• Information provided:
========
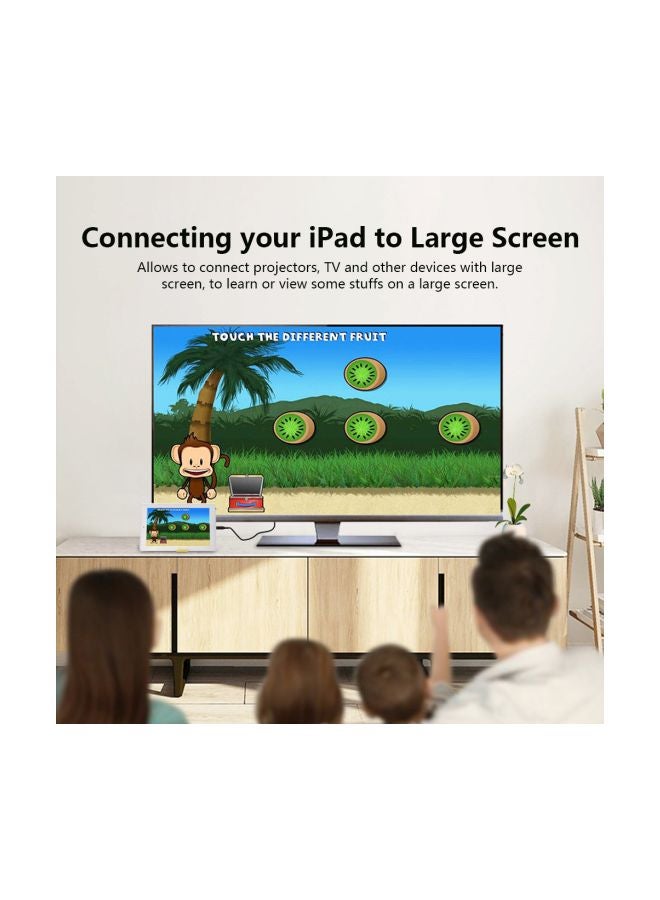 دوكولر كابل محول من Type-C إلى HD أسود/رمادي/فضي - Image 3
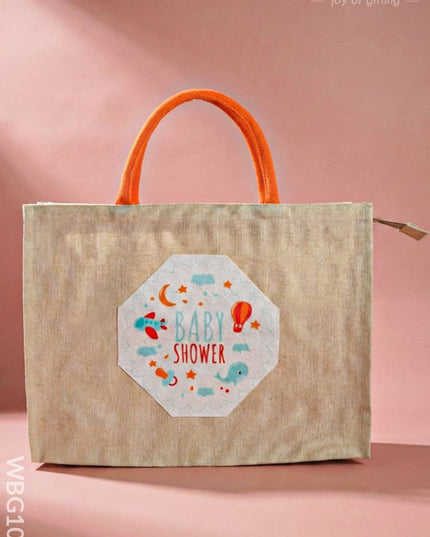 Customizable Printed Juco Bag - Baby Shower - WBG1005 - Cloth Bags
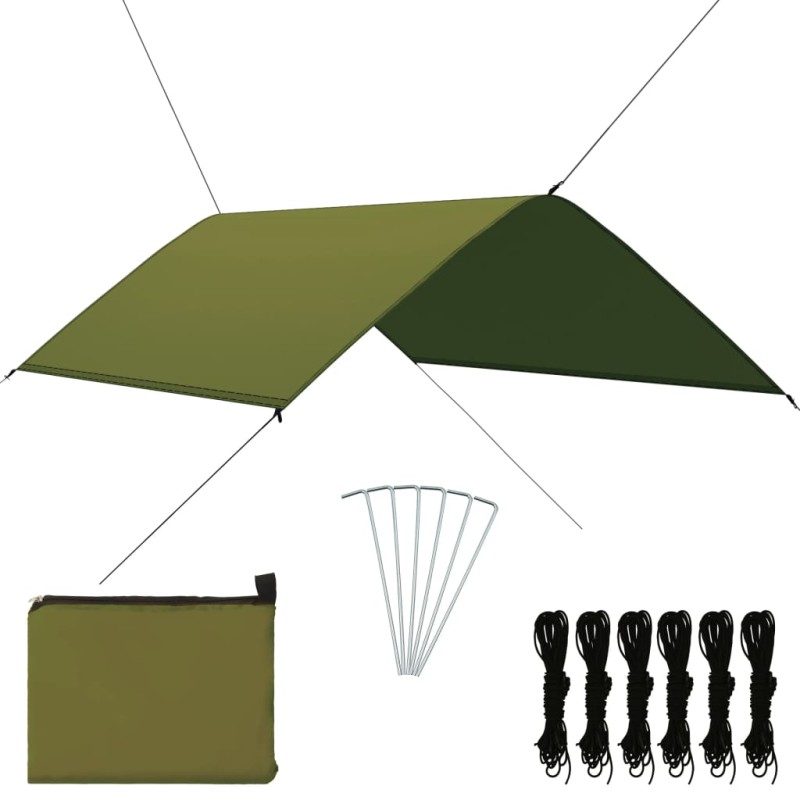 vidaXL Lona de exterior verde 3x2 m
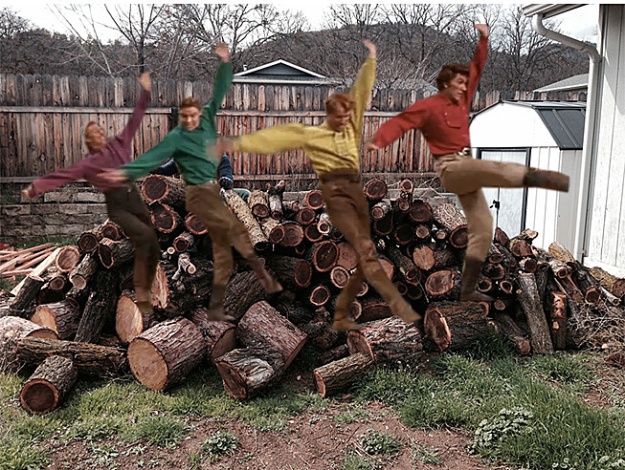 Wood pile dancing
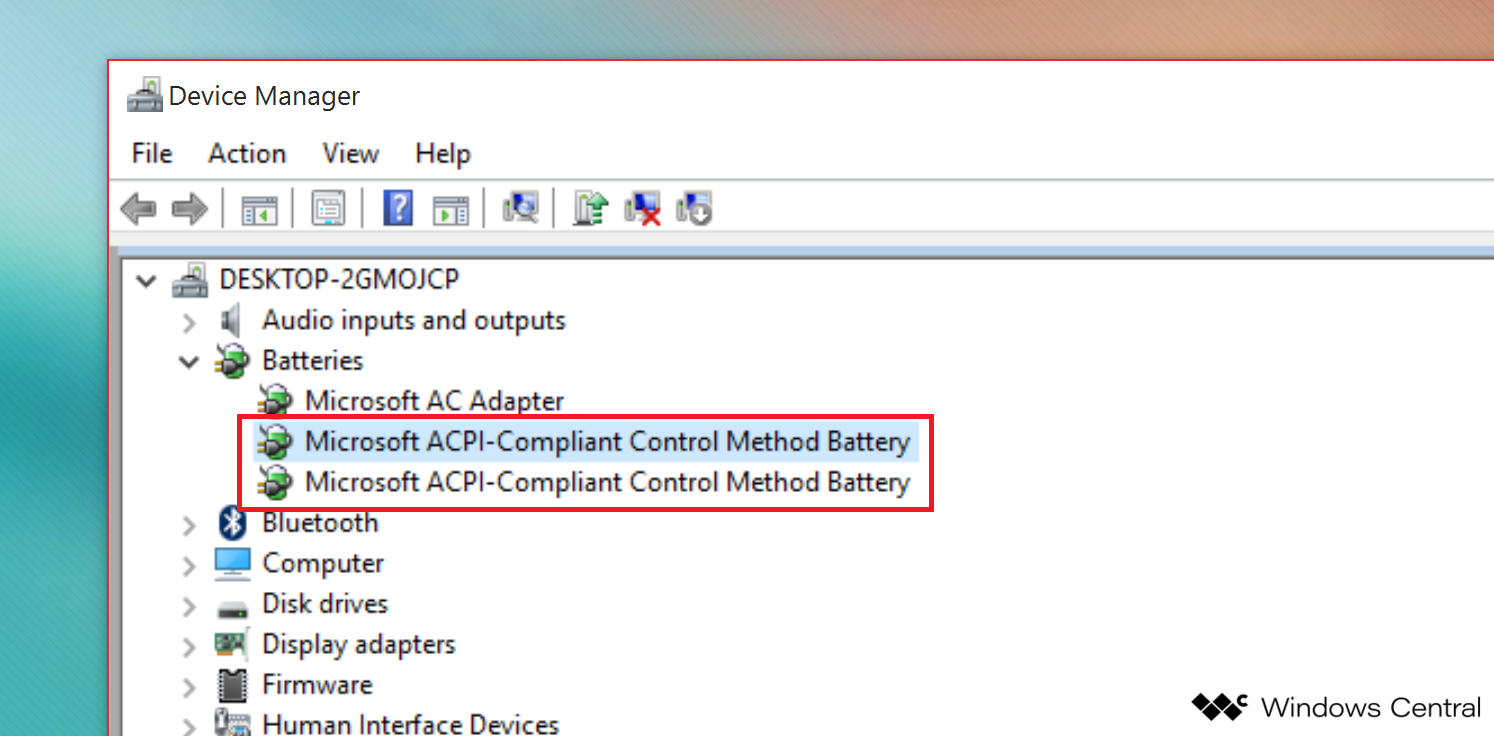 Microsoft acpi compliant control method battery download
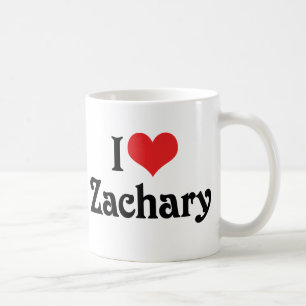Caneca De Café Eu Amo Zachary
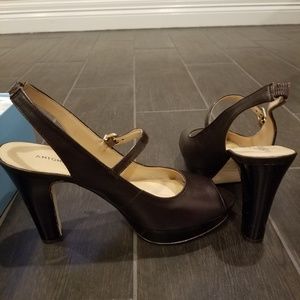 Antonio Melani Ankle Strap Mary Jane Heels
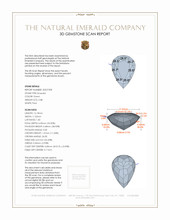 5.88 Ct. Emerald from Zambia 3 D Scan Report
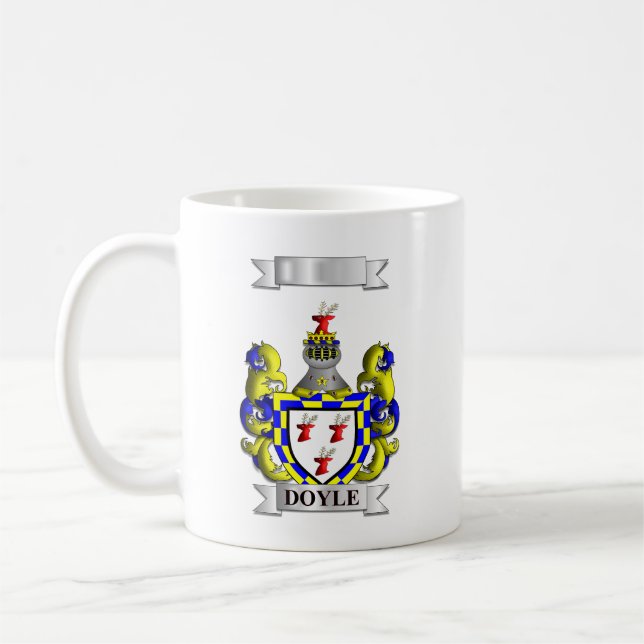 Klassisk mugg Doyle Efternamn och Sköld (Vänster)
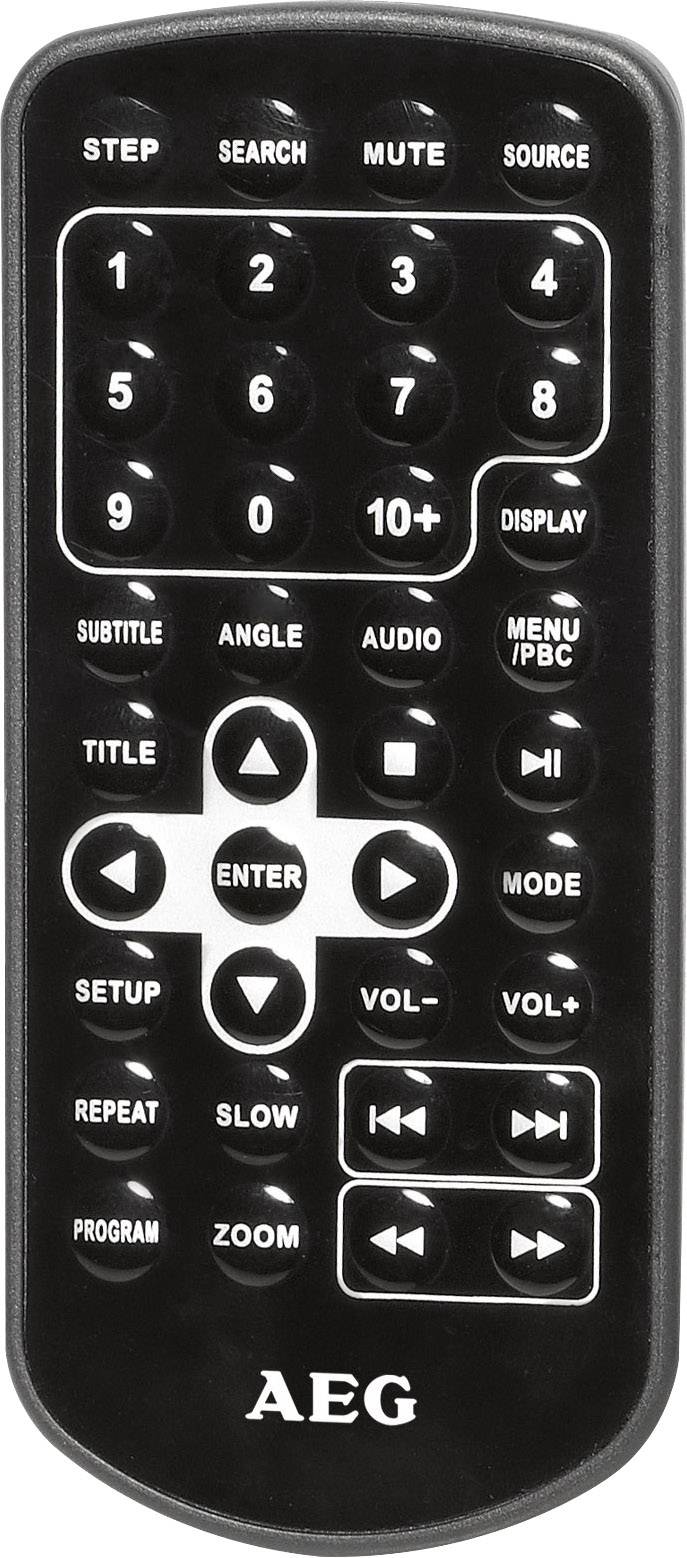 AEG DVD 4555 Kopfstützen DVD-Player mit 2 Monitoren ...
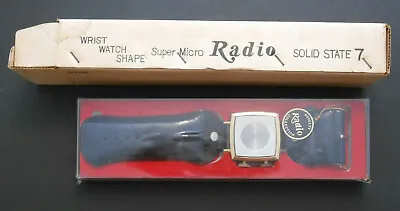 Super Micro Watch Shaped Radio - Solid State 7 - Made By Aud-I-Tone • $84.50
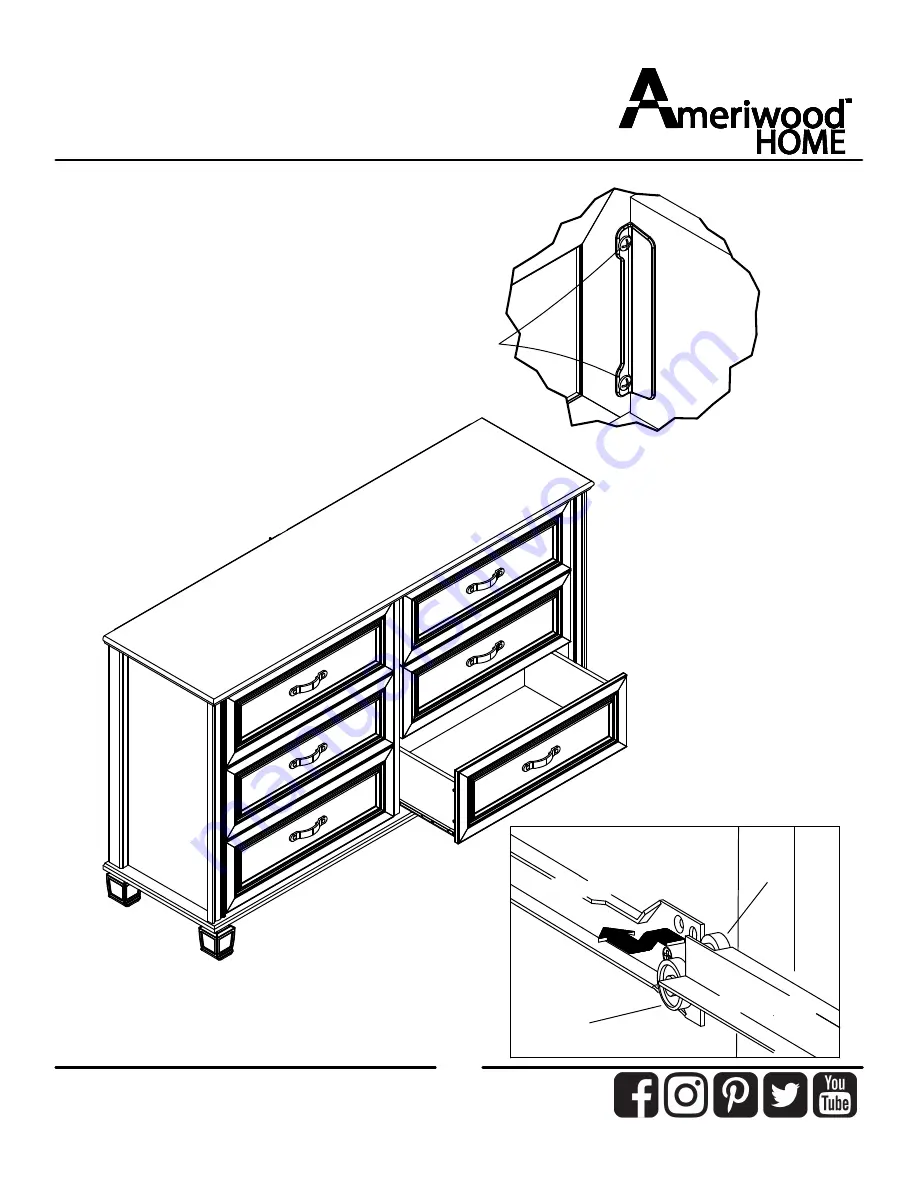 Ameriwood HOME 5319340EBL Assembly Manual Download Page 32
========
• What is expected:
Restate every line above word for word. Do not carry over the images.

• Solution for this exercise:
 دوكولر كابل محول من Type-C إلى HD أسود/رمادي/فضي - Image 3
 Customizable Printed Juco Bag - Baby Shower - WBG1005 - Cloth Bags
 vidaXL Lona de exterior verde 3x2 m
 Wood pile dancing
 Microsoft acpi compliant control method battery download
Caneca De Café Eu Amo Zachary
 Antonio Melani Ankle Strap Mary Jane Heels
 5.88 Ct. Emerald from Zambia 3 D Scan Report
 Klassisk mugg Doyle Efternamn och Sköld (Vänster)
 AEG DVD 4555 Kopfstützen DVD-Player mit 2 Monitoren ...
 Super Micro Watch Shaped Radio - Solid State 7 - Made By Aud-I-Tone • $84.50
 Ameriwood HOME 5319340EBL Assembly Manual Download Page 32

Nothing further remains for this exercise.